Whoa, easy Bear, you need to calm down with all of that rational behavior. Just drink the Kool Aid and understand that the DNR is raining wolves down upon the citizens of Michigan to destroy the as many resources as possible (and hopefully human life if the plan operates correctly). 

In fact, I have constructed a wolf-proof plastic bubble to house myself in when I am outside a protected area such as a vehicle or my home. It is very similar to a hamster bubble. You know, the type that you put the rodent in and it rolls around your house. I am hoping that this will give me total protection against wolf attack. The only drawback is going from the bubble to my car or home as the bubble will not fit through the car or house door. This is a concern because any rational wolf will just sit and wait for me to remove the bubble to transfer into a vehicle and attack me. As you know, wolves are highly rational creatures. They are able to leave tracks every 50 yards on a fisherman's walk through the deer yards in order to scare them away so they can eat all the fish in the lake at the end of the trail. Scary stuff.


----------



## Robert Holmes (Oct 13, 2008)

stagliano said:


> Whoa, easy Bear, you need to calm down with all of that rational behavior. Just drink the Kool Aid and understand that the DNR is raining wolves down upon the citizens of Michigan to destroy the as many resources as possible (and hopefully human life if the plan operates correctly).
> 
> In fact, I have constructed a wolf-proof plastic bubble to house myself in when I am outside a protected area such as a vehicle or my home. It is very similar to a hamster bubble. You know, the type that you put the rodent in and it rolls around your house. I am hoping that this will give me total protection against wolf attack. The only drawback is going from the bubble to my car or home as the bubble will not fit through the car or house door. This is a concern because any rational wolf will just sit and wait for me to remove the bubble to transfer into a vehicle and attack me. As you know, wolves are highly rational creatures. They are able to leave tracks every 50 yards on a fisherman's walk through the deer yards in order to scare them away so they can eat all the fish in the lake at the end of the trail. Scary stuff.
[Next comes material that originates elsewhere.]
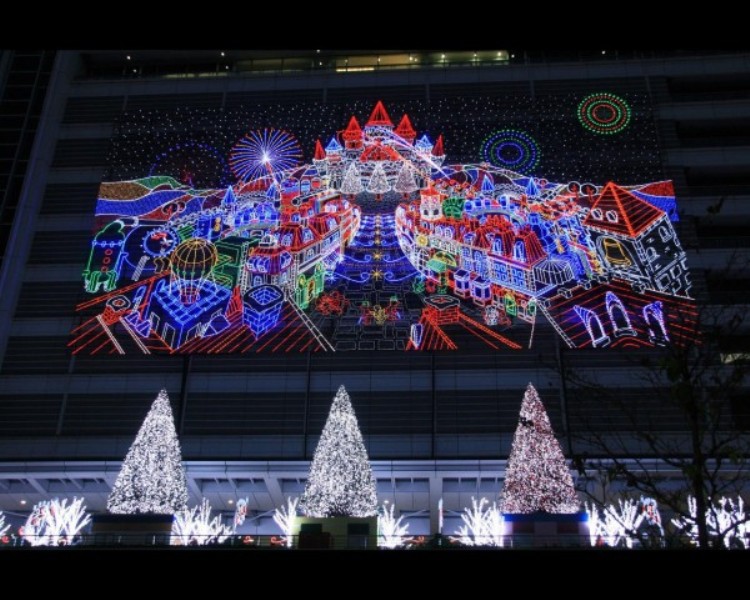 Япония в перод Рождества и Нового года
 I can see some people sit up all night drinking barley pop and playing on the computer.


----------



## stagliano (Nov 10, 2006)

Robert Holmes said:


> I can see some people sit up all night drinking barley pop and playing on the computer.


No barley pops for this guy. It slows your motor skills and decision making processes. If your motor skills are depressed, you are at greater risk for wolf attack. I'm on high alert at all times. Wolves are ubiquitous and attack could come at any time.


----------



## Trophy Specialist (Nov 30, 2001)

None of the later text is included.